Matemi dünyanın içinden taşıyıp götürmek ve onu oraya, dünyaya, aktarmak. Don Juan kederini yaşıyordu, bir kuvvet gibi. Kederi ondan daha fazlaydı ve onu aşıyordu. Adeta -hatta adeta bile değil- kederiyle silahlanmış bir halde, kendini asla öldürülemez değilse de, yara almaz hissediyordu. Keder onu başına buyruk yapan bir şeydi, karşı hamlesiyle de (veya daha doğrusu karşılıklı hamlelerle) onu tamamen geçirgen, her ne olursa olsun olanları duyumsayabilen, üstelik gerektiğinde görünmez bir hale getiriyordu. Kederi onun kumanyası gibiydi. Onu her bakımdan besliyordu. Sayesinde artık hiçbir yönden büyük ihtiyaçları kalmamıştı. Bu ihtiyaçlar artık söz konusu bile değildi. Fakat kederde ideal dünyevi yaşam olanağının bulunduğu ve başkaları için de bunun geçerli olduğu (bakınız "kederi dünyaya aktarmak") düşüncesini sürekli olarak kendinden uzak tutması gerekiyordu. Onun matemi, gelip geçici değil, temel bir uğraştı.
Gürcistan'a doğru yola koyulmuştu, her yere gittiği gibi, yine belli bir hedefi olmadan. Hiçbir şey onu, teselli edilemezliği ve kederi gibi harekete geçiremezdi.

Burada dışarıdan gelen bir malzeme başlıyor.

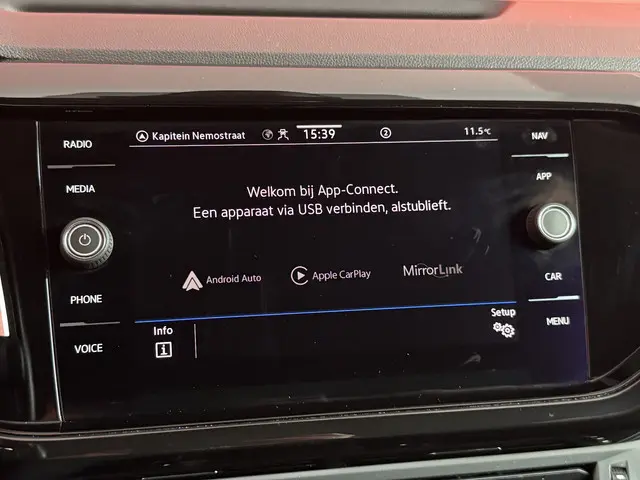 Volkswagen T-Cross 1.0 TSI R-Line 2021 Benzine 40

Kaçarken, kendisini ait olduğu ortamda veya ortamlardan birinde buluyordu. Bu, kaçarken korku ve endişe duymadığı anlamına gelmiyordu. Daha çok, şu demekti: Korku ve dehşet içindeyken daha iyi, daha açık, daha geniş görüyordu.
Yaşamım boyunca pek sık olmasa da her seferinde, hiç tanımadığım yabancılar, özellikle de onlar, daha ilk bakışta bende yakınlık duygusu uyandırır ve bu yakınlık, birbirimizi tanıdıkça derinleştirmeye gerek kalmaksızın hep devam ederdi.
O zaman kargaların bir süredir neden böyle öfkeden çıldırmışçasına gökyüzünde turlayarak şamata kopardıklarını da anladım: Dünyanın durumuna hiddetleniyorlardı. Yoksa benimkine mi?
Daha sonra bana anlattığına göre, zaten kişi eğer bir duruma dikkatini yoğunlaştırmaz ve şöyle bir bakıp geçerse, bu bazen onda bile bile seyredilen ve üzerine düşünülen bir şeyden daha kalıcı bir iz bırakabilirmiş.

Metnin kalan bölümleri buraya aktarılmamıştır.